Fountain Bookstore hosted a historical fiction panel that I was able to listen to with Chanel Cleeton, author of House on Biscayne Bay; Denny S Bryce, author of The Trial of Mrs. Rhinelander; and Eliza Knight, author of Starring Adele Astaire.

This was such a cool panel to listen to, especially when it came to the authors discussing their research. Denny S Bryce said that history guides historical fiction writers into their stories and went onto explain how sometimes they find characters in history that people didn’t even know existed, like a brother or a sister of a famous person. They all also expressed exciting forms of research that one may not think about when it comes to researching the past, like diving into the songs and movies of the historical characters they are working to voice in their books. Bryce talked about how she really enjoyed listening to one of her character’s albums, especially the live versions, to learn the character’s personality by how they interacted with their audience. She also talked about how she and Knight were out one day and came across a few stories about Marilyn Monroe and then found a picture of Monroe with a friend, which made them both want to work together to write a story about the picture they had seen. That story is called Can’t We Be Friends.

On the topic of Marilyn Monroe, Knight watched all of Monroe’s movies for research. She said through doing that, she could see when Monroe’s acting began to change once she got more training and then again when she started getting into drugs. She was also able to see and understand how one of the films she did for her husband hurt her because she had to relive hurtful past events while being a method actress.

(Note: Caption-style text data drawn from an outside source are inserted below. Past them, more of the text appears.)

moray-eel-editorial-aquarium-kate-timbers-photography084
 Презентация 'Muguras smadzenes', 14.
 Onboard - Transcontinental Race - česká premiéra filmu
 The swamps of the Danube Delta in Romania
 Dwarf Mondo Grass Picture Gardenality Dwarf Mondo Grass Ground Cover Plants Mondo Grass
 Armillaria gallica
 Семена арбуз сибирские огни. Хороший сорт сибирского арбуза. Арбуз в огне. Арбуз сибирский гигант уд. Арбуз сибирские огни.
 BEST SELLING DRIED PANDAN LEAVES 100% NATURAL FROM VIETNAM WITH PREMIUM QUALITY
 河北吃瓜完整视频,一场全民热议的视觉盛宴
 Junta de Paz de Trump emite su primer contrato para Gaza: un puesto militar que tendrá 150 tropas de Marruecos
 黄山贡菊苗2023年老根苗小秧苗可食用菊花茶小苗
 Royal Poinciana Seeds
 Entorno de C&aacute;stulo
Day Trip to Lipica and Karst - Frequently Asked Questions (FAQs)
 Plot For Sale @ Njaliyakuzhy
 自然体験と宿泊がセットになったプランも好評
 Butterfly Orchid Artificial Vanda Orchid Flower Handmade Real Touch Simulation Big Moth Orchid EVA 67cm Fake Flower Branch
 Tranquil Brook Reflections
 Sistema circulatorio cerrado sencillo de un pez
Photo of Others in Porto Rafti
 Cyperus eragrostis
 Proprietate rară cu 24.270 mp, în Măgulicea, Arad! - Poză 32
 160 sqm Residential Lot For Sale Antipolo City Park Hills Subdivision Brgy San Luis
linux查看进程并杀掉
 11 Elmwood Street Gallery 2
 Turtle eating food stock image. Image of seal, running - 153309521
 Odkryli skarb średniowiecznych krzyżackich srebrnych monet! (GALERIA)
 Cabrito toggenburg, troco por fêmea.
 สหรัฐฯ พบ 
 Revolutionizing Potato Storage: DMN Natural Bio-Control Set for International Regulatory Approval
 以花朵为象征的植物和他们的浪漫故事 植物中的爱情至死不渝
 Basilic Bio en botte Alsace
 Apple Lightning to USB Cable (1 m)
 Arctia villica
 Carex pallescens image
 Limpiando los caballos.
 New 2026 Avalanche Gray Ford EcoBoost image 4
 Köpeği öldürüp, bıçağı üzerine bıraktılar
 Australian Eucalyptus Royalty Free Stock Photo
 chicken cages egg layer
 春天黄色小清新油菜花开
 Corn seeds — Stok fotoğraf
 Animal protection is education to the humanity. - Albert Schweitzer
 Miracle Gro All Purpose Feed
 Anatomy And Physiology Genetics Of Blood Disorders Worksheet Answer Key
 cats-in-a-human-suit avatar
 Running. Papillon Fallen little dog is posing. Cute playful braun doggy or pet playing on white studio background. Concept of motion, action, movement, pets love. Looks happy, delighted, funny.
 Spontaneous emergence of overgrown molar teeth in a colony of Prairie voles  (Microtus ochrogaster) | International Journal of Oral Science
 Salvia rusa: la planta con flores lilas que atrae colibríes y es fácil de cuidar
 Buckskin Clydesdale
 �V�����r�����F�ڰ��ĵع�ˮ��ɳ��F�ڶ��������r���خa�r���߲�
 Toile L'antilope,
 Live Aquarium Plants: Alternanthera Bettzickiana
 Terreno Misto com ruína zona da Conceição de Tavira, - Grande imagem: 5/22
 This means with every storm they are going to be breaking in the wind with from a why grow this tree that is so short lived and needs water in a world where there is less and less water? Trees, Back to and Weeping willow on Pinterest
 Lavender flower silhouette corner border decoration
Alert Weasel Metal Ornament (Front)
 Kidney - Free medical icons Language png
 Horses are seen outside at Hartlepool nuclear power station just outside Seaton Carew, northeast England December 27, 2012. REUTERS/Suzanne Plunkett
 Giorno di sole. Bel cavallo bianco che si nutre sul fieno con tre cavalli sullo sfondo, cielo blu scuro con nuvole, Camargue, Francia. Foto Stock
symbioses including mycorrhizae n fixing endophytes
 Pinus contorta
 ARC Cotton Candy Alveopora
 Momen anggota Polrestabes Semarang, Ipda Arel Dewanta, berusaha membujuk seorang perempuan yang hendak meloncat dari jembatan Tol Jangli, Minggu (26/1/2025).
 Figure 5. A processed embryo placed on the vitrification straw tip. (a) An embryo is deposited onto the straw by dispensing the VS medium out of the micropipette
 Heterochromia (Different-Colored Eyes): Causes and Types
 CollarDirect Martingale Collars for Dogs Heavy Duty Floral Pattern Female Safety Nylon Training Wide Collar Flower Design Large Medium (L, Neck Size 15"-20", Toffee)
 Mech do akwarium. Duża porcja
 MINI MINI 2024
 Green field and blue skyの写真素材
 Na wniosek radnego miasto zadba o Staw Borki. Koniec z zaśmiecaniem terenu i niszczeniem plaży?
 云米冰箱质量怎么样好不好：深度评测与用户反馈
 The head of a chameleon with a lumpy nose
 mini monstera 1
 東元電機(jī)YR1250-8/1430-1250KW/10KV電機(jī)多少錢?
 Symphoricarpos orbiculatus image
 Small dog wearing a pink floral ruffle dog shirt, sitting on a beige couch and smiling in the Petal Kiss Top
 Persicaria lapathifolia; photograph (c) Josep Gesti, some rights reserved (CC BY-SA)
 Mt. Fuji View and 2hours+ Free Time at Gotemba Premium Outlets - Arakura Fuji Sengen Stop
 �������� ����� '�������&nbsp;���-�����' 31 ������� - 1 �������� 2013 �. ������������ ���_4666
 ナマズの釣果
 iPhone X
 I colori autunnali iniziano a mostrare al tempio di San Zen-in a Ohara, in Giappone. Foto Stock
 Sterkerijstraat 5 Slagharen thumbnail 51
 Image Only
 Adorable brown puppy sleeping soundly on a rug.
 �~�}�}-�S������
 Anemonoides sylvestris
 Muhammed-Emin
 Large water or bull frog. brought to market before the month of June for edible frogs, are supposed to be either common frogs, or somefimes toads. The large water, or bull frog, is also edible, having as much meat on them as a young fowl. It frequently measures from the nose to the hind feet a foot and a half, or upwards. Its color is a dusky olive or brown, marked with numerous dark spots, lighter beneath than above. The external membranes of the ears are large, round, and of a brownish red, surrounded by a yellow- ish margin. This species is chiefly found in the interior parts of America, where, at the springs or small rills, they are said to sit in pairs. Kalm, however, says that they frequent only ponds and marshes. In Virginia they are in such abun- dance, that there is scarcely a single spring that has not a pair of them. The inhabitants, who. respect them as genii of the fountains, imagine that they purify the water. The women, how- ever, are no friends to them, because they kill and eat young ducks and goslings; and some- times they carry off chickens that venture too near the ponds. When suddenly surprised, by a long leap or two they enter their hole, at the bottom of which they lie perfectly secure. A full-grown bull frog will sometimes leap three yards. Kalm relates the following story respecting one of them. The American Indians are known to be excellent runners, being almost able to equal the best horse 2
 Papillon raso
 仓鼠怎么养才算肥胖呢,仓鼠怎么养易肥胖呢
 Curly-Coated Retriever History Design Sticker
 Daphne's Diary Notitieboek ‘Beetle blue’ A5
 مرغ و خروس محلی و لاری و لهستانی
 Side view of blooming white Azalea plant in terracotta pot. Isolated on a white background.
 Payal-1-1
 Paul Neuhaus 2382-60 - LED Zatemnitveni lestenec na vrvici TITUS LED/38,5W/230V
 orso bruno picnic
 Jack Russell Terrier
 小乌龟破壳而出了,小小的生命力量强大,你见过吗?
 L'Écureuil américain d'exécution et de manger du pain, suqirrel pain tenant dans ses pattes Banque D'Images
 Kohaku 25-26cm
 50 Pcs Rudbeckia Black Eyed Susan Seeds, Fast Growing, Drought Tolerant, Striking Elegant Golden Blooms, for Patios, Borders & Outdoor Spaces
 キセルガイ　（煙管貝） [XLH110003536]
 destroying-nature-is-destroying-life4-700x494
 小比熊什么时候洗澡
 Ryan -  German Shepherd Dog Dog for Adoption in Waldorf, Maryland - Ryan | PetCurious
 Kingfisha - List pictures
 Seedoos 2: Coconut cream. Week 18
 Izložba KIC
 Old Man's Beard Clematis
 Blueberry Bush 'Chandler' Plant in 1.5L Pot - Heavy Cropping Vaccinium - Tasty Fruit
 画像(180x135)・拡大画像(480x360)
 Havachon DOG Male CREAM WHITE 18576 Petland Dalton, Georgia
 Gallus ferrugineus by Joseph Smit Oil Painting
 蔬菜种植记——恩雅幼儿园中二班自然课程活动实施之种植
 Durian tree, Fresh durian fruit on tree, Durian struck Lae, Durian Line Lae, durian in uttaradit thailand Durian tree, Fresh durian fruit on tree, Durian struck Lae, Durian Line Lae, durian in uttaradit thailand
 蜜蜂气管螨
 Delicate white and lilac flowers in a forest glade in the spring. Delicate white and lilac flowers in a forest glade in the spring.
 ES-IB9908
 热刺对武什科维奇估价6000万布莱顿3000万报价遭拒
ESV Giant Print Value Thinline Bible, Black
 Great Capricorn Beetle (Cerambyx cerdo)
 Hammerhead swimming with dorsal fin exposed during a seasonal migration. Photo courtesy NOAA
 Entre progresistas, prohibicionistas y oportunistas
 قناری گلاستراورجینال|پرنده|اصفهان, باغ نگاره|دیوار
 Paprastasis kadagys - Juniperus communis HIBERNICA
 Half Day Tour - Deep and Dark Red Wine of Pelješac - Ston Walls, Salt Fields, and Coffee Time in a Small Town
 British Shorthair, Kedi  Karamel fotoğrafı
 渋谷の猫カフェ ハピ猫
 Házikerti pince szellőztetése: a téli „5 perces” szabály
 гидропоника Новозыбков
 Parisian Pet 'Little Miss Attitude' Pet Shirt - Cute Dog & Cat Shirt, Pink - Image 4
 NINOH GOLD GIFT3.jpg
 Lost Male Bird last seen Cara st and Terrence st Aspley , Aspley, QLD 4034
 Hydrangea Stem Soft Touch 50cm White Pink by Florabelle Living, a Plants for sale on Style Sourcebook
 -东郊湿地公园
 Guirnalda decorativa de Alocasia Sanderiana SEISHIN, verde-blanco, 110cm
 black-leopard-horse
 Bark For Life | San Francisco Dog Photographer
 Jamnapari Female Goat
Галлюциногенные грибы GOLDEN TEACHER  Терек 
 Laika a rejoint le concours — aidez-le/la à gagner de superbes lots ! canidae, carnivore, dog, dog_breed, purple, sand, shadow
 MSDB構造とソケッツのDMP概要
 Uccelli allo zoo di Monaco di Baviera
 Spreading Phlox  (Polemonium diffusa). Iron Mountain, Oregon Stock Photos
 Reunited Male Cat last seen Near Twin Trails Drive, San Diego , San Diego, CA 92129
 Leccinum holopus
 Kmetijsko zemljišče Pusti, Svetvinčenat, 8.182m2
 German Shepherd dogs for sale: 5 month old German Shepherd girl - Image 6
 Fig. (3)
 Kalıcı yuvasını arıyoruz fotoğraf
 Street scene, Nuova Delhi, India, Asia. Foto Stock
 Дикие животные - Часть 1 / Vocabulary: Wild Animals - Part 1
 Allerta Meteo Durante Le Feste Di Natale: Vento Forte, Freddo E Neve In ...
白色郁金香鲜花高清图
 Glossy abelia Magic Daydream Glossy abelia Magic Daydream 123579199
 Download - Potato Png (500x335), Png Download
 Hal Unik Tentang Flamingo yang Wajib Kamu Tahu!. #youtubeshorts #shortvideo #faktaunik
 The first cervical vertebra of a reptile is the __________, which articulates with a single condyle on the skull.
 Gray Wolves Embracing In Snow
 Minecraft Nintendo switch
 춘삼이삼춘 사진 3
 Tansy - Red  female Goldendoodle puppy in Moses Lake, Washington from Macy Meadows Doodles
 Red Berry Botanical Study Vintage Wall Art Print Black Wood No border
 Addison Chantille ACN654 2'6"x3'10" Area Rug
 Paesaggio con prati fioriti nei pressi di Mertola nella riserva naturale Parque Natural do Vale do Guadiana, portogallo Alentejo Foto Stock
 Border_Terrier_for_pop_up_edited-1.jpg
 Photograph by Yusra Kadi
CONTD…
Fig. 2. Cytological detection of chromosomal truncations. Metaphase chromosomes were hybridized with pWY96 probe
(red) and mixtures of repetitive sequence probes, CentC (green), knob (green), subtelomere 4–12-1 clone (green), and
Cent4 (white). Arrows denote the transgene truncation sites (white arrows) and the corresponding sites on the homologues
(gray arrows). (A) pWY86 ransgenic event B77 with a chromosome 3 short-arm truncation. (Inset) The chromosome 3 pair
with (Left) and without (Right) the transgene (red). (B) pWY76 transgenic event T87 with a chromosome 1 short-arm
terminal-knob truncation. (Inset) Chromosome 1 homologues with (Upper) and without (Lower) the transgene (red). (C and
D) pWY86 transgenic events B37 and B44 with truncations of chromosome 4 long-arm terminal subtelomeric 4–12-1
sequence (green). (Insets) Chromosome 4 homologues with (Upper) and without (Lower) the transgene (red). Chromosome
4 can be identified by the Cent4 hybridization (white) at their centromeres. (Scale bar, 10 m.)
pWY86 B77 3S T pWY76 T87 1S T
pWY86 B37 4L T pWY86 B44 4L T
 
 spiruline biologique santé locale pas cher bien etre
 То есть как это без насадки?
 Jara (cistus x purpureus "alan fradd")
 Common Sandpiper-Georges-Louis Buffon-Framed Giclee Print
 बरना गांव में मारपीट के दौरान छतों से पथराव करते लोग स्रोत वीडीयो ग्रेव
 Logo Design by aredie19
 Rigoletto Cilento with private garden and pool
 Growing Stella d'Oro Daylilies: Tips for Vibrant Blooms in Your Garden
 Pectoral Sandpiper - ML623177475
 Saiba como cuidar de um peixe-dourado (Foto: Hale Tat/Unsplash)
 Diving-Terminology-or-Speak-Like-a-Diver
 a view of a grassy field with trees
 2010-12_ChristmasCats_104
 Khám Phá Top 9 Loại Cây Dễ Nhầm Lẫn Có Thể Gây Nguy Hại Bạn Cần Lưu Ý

Cleeton talked about her upcoming book House on the Biscayne Bay, a dual-timeline book in which the past and present intersect in a gothic house, and how she had to do research for both of the time periods it is set in. She also explained how hard it is for a historical fiction author not to use modern phrases because the brain sometimes automatically inputs them.

A cute and exciting thing that Knight said she learned through research, which she tied into one of her books, was that Queen Elizabeth had a Keeper of the Queen’s Corgis. Because Knight is obsessed with dogs, she dove into writing a story about the queen, the Keeper of the Corgis, and the Corgi herself from the Corgi’s point of view. That book is called The Queen’s Faithful Companion and will be out this year.

It was also very cool to hear how Denny S Bryce had worked toward being a full-time writer, which is her fourth career, and that she loves it. She said that even though it has its bad days sometimes, it is a life she has always wanted. She used to be a professional dancer and through her other careers she wrote fan fiction to relax, now writing her own stories is what she spends most of her time doing.

Thank you, Fountain Books, for organizing this cute and insightful event.